Tuesday, October 16, 2012

Of Lawn Gnomes and Significance

For once I was not using Pinterest to drool over pictures of cake or plan the ultimate Halloween party. Instead, I was glancing at what the Center for the Future of Museums had pinned under "Storytelling" when I saw a lawn gnome.

I was compelled to follow it. Because hello, it's a lawn gnome.

Even a garden gnome can be significant. You Learn Something New Every Day blog talks about the Significant Objects project.

It led to this post at a blog called "You Learn Something New Every Day." In it, the author describes how her lawn gnome is, on the surface, just a mass-produced plastic lawn gnome. But this tchotchke has a personal story behind it that gives it a special significance to the author. We probably all have objects like this. We might not even think about them until someone is rifling through the junk drawer in our kitchen hutch, pulls out a random object, and asks "Why do you even HAVE this?" The question sparks a memory in your brain and you regale your interrogator with the sordid tale of how you acquired your thimble/Troll doll/snow globe and why you could NEVER, EVER part with it. They put it back in the drawer, eyebrows raised, internally reminding themselves never to ask you casual questions again.

The lawn gnome post was inspired by an awesome project called Significant Objects. The project's website describes it as "a literary and anthropological experiment" designed to demonstrate "that the effect of narrative on any given object’s subjective value can be measured objectively." The guys behind it (Rob Walker and Joshua Glenn) call themselves "the curators." Here's how the experiment works: the curators buy some cheap, random objects at thrift shops.
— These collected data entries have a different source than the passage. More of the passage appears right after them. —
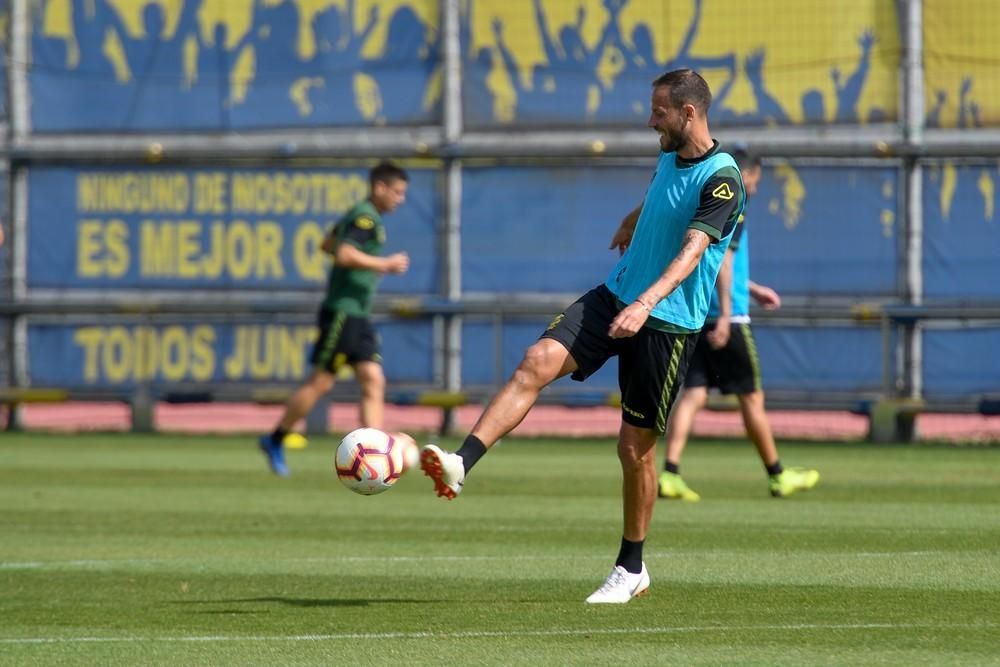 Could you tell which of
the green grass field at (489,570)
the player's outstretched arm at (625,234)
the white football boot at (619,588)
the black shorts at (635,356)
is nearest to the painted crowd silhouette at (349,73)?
the green grass field at (489,570)

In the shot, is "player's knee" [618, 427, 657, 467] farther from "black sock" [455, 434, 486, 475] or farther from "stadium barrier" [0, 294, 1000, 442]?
"stadium barrier" [0, 294, 1000, 442]

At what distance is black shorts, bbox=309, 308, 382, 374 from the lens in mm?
15641

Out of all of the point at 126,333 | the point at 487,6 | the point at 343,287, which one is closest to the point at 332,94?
the point at 487,6

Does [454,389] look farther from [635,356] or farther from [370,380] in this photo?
[635,356]

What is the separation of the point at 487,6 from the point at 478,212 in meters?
2.36

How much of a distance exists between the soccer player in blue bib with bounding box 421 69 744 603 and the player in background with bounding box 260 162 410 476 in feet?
23.2

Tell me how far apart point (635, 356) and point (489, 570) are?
1546mm

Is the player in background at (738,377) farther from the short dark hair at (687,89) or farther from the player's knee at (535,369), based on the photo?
the player's knee at (535,369)

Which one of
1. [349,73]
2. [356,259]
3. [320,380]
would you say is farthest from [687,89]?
[349,73]

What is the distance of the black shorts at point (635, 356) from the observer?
786cm

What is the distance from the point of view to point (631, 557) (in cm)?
782

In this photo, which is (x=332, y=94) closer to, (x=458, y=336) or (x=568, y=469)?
(x=458, y=336)

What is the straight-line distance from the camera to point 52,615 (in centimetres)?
753

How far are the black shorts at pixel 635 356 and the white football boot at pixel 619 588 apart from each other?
0.63 m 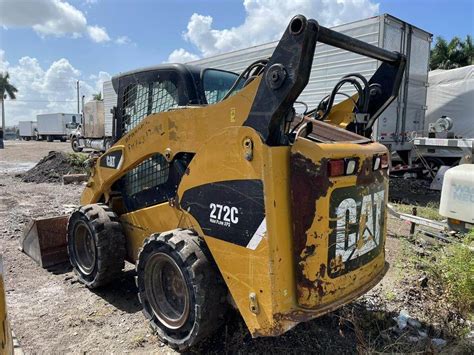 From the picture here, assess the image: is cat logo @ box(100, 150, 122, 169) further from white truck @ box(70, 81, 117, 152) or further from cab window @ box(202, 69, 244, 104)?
white truck @ box(70, 81, 117, 152)

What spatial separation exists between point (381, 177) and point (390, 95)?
3.40 feet

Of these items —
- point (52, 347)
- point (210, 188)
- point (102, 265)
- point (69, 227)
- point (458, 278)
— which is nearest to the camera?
point (210, 188)

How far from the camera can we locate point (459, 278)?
11.0 feet

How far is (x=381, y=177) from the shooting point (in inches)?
116

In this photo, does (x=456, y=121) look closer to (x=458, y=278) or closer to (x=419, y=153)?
(x=419, y=153)

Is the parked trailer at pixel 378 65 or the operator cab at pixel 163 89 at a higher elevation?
the parked trailer at pixel 378 65

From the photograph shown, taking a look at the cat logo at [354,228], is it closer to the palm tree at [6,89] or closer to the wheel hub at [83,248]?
the wheel hub at [83,248]

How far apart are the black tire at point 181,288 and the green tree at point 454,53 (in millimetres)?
26674

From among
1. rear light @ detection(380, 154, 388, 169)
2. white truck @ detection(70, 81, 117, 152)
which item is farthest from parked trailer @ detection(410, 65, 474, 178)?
white truck @ detection(70, 81, 117, 152)

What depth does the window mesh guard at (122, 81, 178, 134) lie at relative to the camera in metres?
3.57

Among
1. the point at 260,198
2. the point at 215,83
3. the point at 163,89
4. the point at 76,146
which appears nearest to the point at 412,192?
the point at 215,83

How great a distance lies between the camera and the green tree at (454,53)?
24672mm

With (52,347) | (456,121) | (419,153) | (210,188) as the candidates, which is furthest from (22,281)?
(456,121)

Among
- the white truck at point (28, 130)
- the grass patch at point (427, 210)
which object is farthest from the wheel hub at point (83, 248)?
the white truck at point (28, 130) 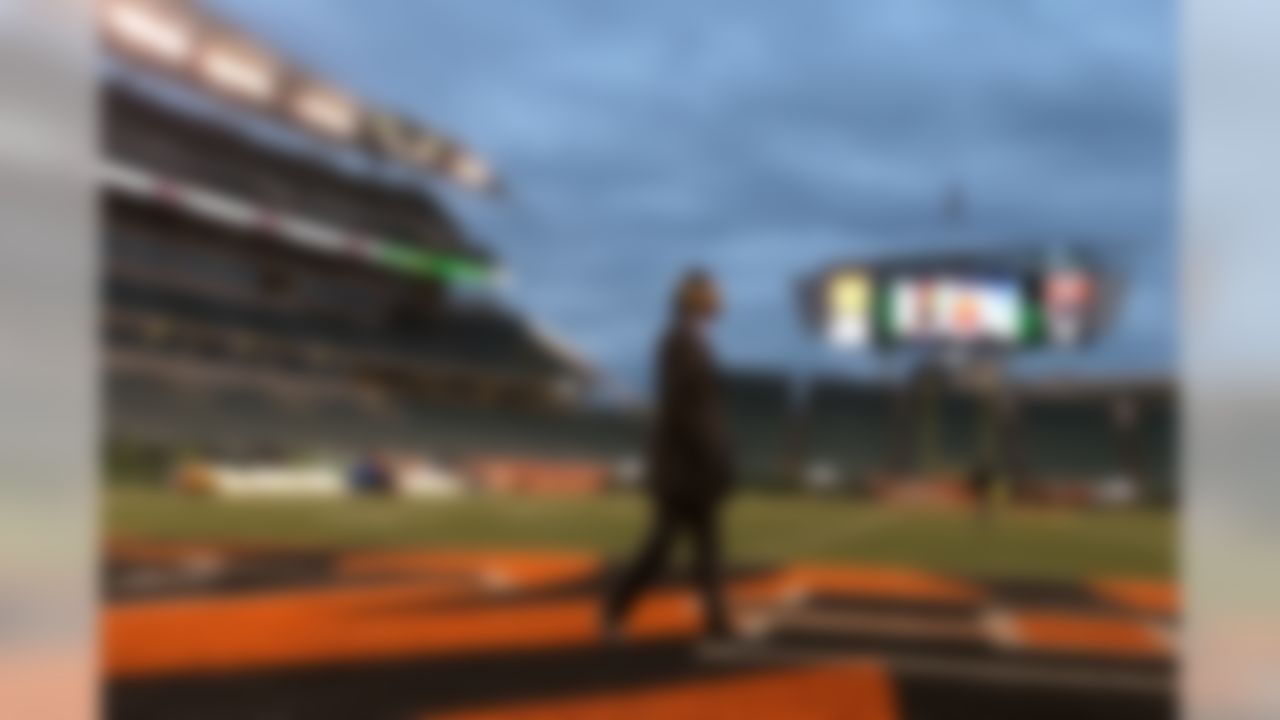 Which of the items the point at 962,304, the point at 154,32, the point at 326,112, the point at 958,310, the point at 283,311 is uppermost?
the point at 154,32

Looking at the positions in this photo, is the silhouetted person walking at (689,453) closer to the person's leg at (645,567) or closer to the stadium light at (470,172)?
the person's leg at (645,567)

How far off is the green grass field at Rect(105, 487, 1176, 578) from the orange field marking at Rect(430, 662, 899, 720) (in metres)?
6.04

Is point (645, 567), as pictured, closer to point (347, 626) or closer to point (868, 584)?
point (347, 626)

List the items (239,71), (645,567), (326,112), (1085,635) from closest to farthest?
1. (645,567)
2. (1085,635)
3. (239,71)
4. (326,112)

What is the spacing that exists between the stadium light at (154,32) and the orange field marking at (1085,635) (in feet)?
105

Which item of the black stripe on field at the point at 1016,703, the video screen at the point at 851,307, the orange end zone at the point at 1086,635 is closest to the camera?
the black stripe on field at the point at 1016,703

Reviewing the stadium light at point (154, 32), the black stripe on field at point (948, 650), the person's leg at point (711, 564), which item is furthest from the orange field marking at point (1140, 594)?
the stadium light at point (154, 32)

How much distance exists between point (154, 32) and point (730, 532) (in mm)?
27103

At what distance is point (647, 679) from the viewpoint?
14.8 feet

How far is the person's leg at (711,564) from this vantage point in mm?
5039

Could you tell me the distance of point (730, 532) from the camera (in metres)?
15.4

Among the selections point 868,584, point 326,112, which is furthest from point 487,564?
point 326,112

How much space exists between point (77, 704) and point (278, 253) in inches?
1726

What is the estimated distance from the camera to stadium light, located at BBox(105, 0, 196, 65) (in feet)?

Cheap as in no more than a few dollars and occasionally free. Random as in a jar of marbles, a mushroom salt shaker, or a monkey puppet. They hire a professional writer (some of the names I recognized were Meg Cabot, Colson Whitehead, Sloane Crosley, and Stewart O'Nan) to contribute a short story to give each object "significance." Some of the stories are humorous, some are bizarre, and some are intense reflections on the meaning of life. Then they sell the objects on eBay using the story as the item's description (they do make it clear, however, that the story is not true). The curators' goal was to see if the stories would increase the items' perceived value as reflected in the final eBay selling price; their hypothesis was “Narrative transforms insignificant objects into significant ones.”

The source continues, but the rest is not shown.